Assignment: Provide an exact copy of the data, excluding the images.

Dataset entries
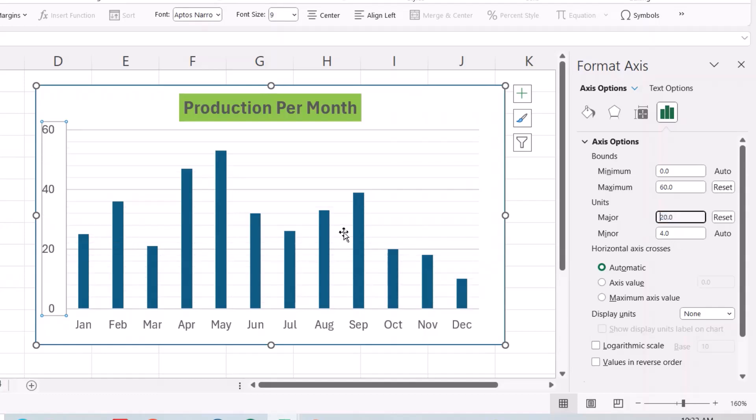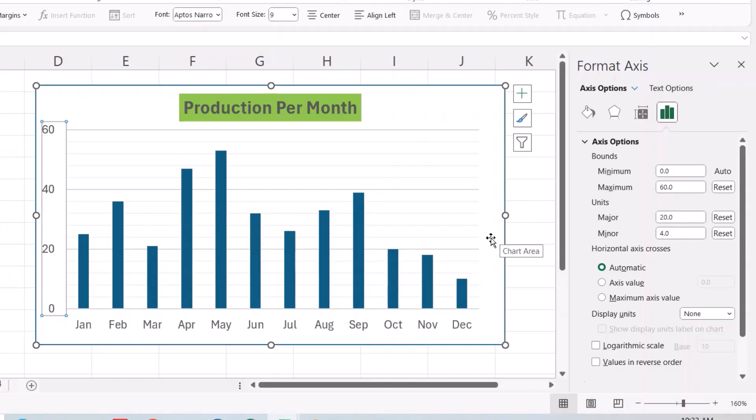You see how it changes. That is the way of changing scale on an Excel graph. If you found this helpful, like it, leave a comment and subscribe. Have a nice time.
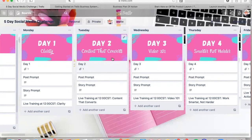All right, y'all. I am going to give you a brief tutorial on how to use Trello. I am obsessed with Trello — it helps me stay organized in my business and with what I have to do each day. And this is going to help you navigate through our five-day social media challenge, which I am so excited about. Thank you so much for being here.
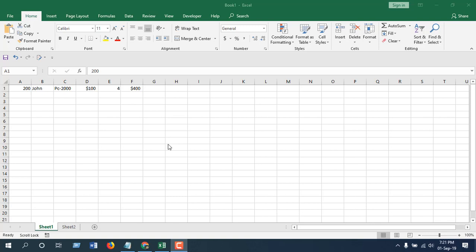Hello everyone, welcome to Excel 10 Tutorial. I'm your trainer Kazi, and in this advanced Excel tutorial I'm going to show you how you can copy data from a selected sheet to the next sheet.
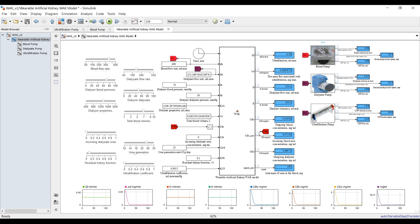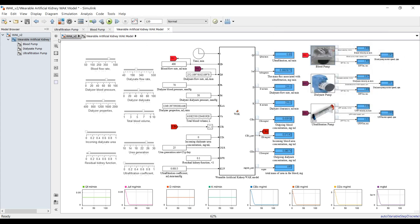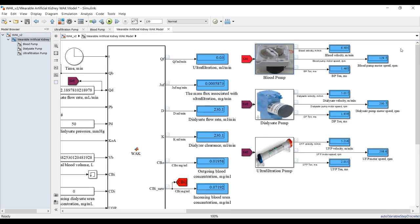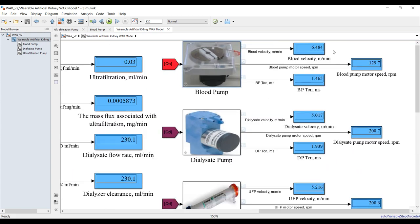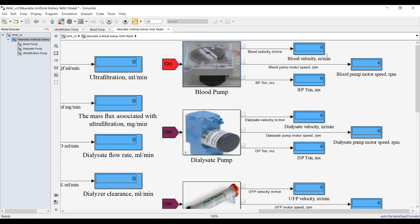Suppose I have a blood pressure input and I want to change the diameter — let's set it to 10 and see if it has the same effect or not. For the blood pump, let's see — yes, it produces a new design response based on the variation of your parameters.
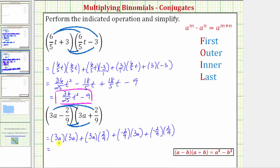Now we find each product. Three-a times three-a is nine-a-squared. For the next product, we write three-a as a fraction with a denominator of one. Notice three and nine share a common factor of three, so this product simplifies to two-thirds a. We have plus two-thirds a.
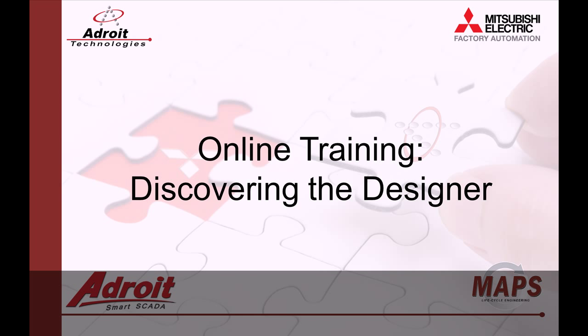Good day everybody, my name is Deed and welcome to the Adroit and Maps SCADA online training videos. The following video is the third in a series of guides designed to help you the user become more familiar with our products.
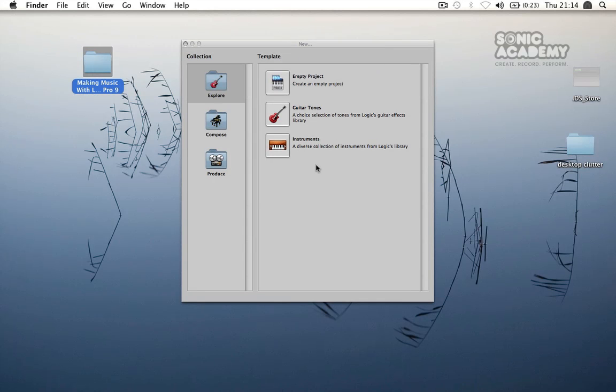Hi guys and welcome back to another Sonic Academy video tutorial. In this one we're going to have a look at Logic Pro 9 and it's going to be a simplistic beginners course, just getting to grips with the user interface and creating a fairly simple track.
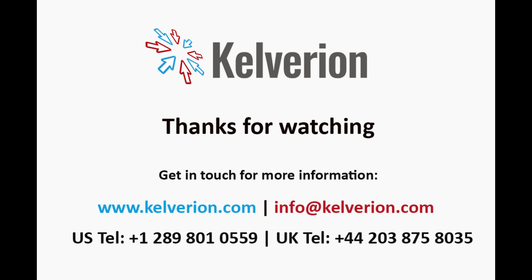Thanks for watching this demo of the portal mobile app. We hope that you found it helpful. If you would like some further information, please get in touch with our team.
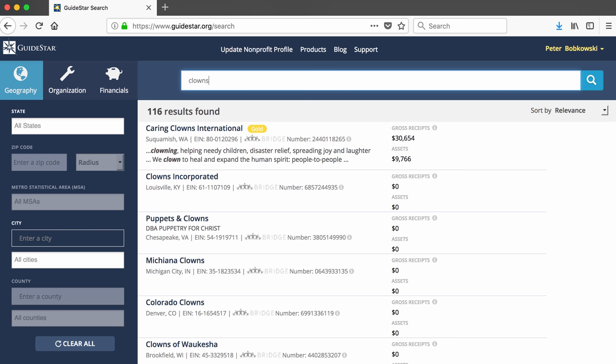Keep in mind that you might have to play with your search term here. If you get no results, your search term might be too specific. If you get thousands of results, you might benefit from narrowing down your search term or from using the state or city field to narrow down the places where your non-profits are located.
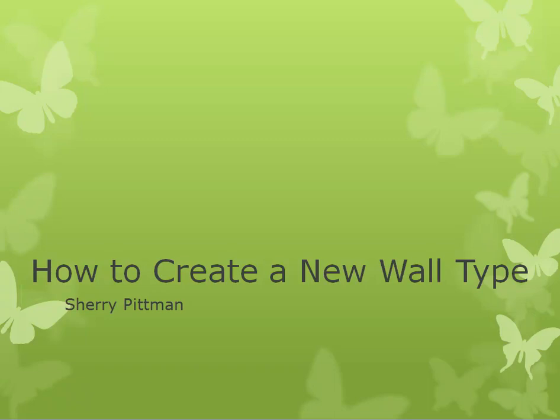Hi, my name is Sherry Pittman. In this example, I'll be showing you how to create a new wall type in Revit from an existing wall type.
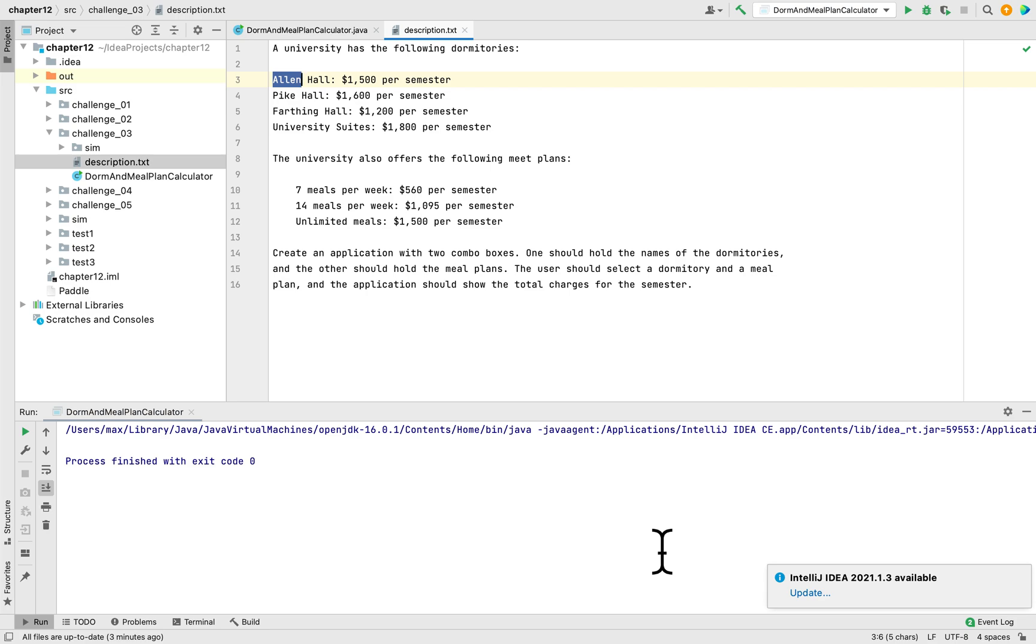Today we are working on programming challenge 3 in chapter 12 in the book Starting Out with Java, Fifth Edition.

Solution below:
You see how it changes. That is the way of changing scale on an Excel graph. If you found this helpful, like it, leave a comment and subscribe. Have a nice time.
All right, y'all. I am going to give you a brief tutorial on how to use Trello. I am obsessed with Trello — it helps me stay organized in my business and with what I have to do each day. And this is going to help you navigate through our five-day social media challenge, which I am so excited about. Thank you so much for being here.
Hello everyone, welcome to Excel 10 Tutorial. I'm your trainer Kazi, and in this advanced Excel tutorial I'm going to show you how you can copy data from a selected sheet to the next sheet.
Suppose I have a blood pressure input and I want to change the diameter — let's set it to 10 and see if it has the same effect or not. For the blood pump, let's see — yes, it produces a new design response based on the variation of your parameters.
Now we find each product. Three-a times three-a is nine-a-squared. For the next product, we write three-a as a fraction with a denominator of one. Notice three and nine share a common factor of three, so this product simplifies to two-thirds a. We have plus two-thirds a.
Good day everybody, my name is Deed and welcome to the Adroit and Maps SCADA online training videos. The following video is the third in a series of guides designed to help you the user become more familiar with our products.
Hi guys and welcome back to another Sonic Academy video tutorial. In this one we're going to have a look at Logic Pro 9 and it's going to be a simplistic beginners course, just getting to grips with the user interface and creating a fairly simple track.
Thanks for watching this demo of the portal mobile app. We hope that you found it helpful. If you would like some further information, please get in touch with our team.
Keep in mind that you might have to play with your search term here. If you get no results, your search term might be too specific. If you get thousands of results, you might benefit from narrowing down your search term or from using the state or city field to narrow down the places where your non-profits are located.
Hi, my name is Sherry Pittman. In this example, I'll be showing you how to create a new wall type in Revit from an existing wall type.
Today we are working on programming challenge 3 in chapter 12 in the book Starting Out with Java, Fifth Edition.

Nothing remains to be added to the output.